Vermutung der freien Rede kein Vorrrang der Meinungsfreiheit vor Persönlichkeitsrechtsverletzungen

Das Verfassungsgericht macht deutlich, dass der verfassungsrechtliche Vorrang der freien Rede keinen Vorrang der Meinungsfreiheit gegenüber dem Persönlichkeitsrechtsschutz bedeutet.

Jedoch folgt aus der Vermutung der freien Rede, dass Meinungen, die die Persönlichkeitsrechte anderer verletzen, nur zulässig sind, wenn sie im Rahmen einer Abwägung überwiegen.

 


das konrete Verfahren

In dem konkreten Verfahren sah das Verfassungsgericht die persönlichen Angriffe auf Richter nach einem Sorgerechtsstreit unter Nennung der beteiligten Richter und der Veröffentlichung ihrer Bilder als verfassunsgwidrig an. Die Verurteilung wegen § 185 StGB wurde aufrechterhalten.

Auch in diesem Fall der „Machtkritik“ und des „Kampfes um das Recht“ der auf einer Internetseite veröffentlichen Äußerungen würden die persönlichen Kränkungen des Beschwerdeführers das sachliche Anliegen überlagern.


kritische Würdigung

So sehr der Beschluss des Verfassungsgerichtes zu begrüßen ist, so sehr läßt er doch viele Fragen offen.

das subjektive Gefühl der Beleidigung

In unterschiedlichen Rechtskreisen gibt es unterschiedliche Wahrnehmungen von Beleidigungen. Dies gilt selbstverständlich aber auch in einem Land wie der Bundesrepublik, in welchen Menschen aus 184 Nationen leben und es folglich unterschiedliche Prägungen geben kann. Mögliche kulturelle Unterschiede hat das Verfassungsgericht nicht thematisiert.

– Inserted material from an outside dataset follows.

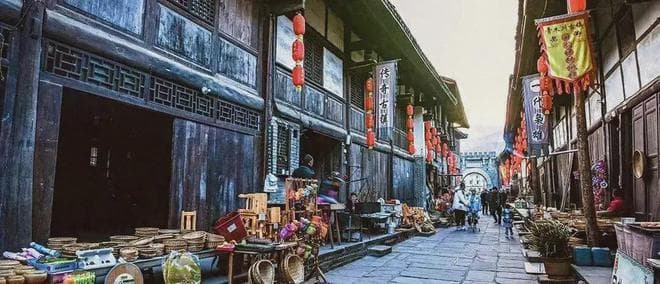陕西省最西边的青木川古镇，一脚踏三省，探寻江湖豪情和历史传说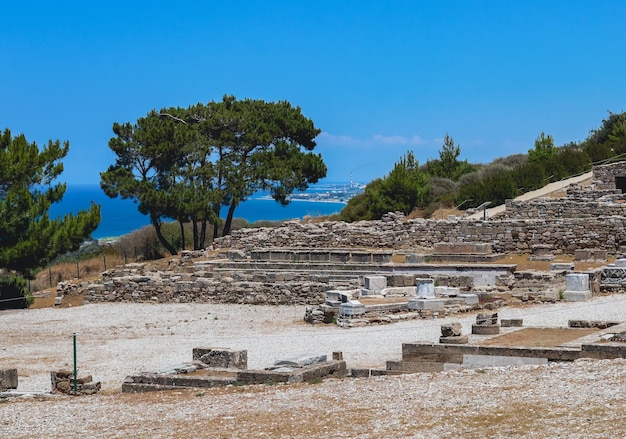 Foto vista de las ruinas del antiguo kamiros en grecia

grenzüberschreitende Sachverhalte

In der Bundesrepublik sind deutschsprachige Inhalte aus Österreich, der Schweiz, von deutschsprachigen Minderheiten aus Belgien, den Niederlanden, Luxemburg, Polen, Tchechien und Frankreich erreichbar. Hier kann es unterschiedliche rechtliche Pflichten geben, auch wenn dann, wenn eine Meinung in Deutschland empfangbar ist, aufgrund des deutschen Empfängerhorizontes von der Geltung deutschen Rechtes ausgegangen wird.

englischsprachige oder französische Inhalte

Aber auch die Inhalte englischsprachiger Webseiten oder Medien sind in Deutschland zugänglich. So berichteten englische Zeitungen im Mai 2020 über einen deutschen Verdächtigen unter Nennung des Namens und des ungepixelten Bildes im Mordfall „Maddie“. Dies wäre nach deutschem Presserecht unzulässig. Diese in Großbritannien hergestellten und für Großbritannien verbreiteten Inhalte entfalten selbstverständlich auch in Deutschland Wirkung.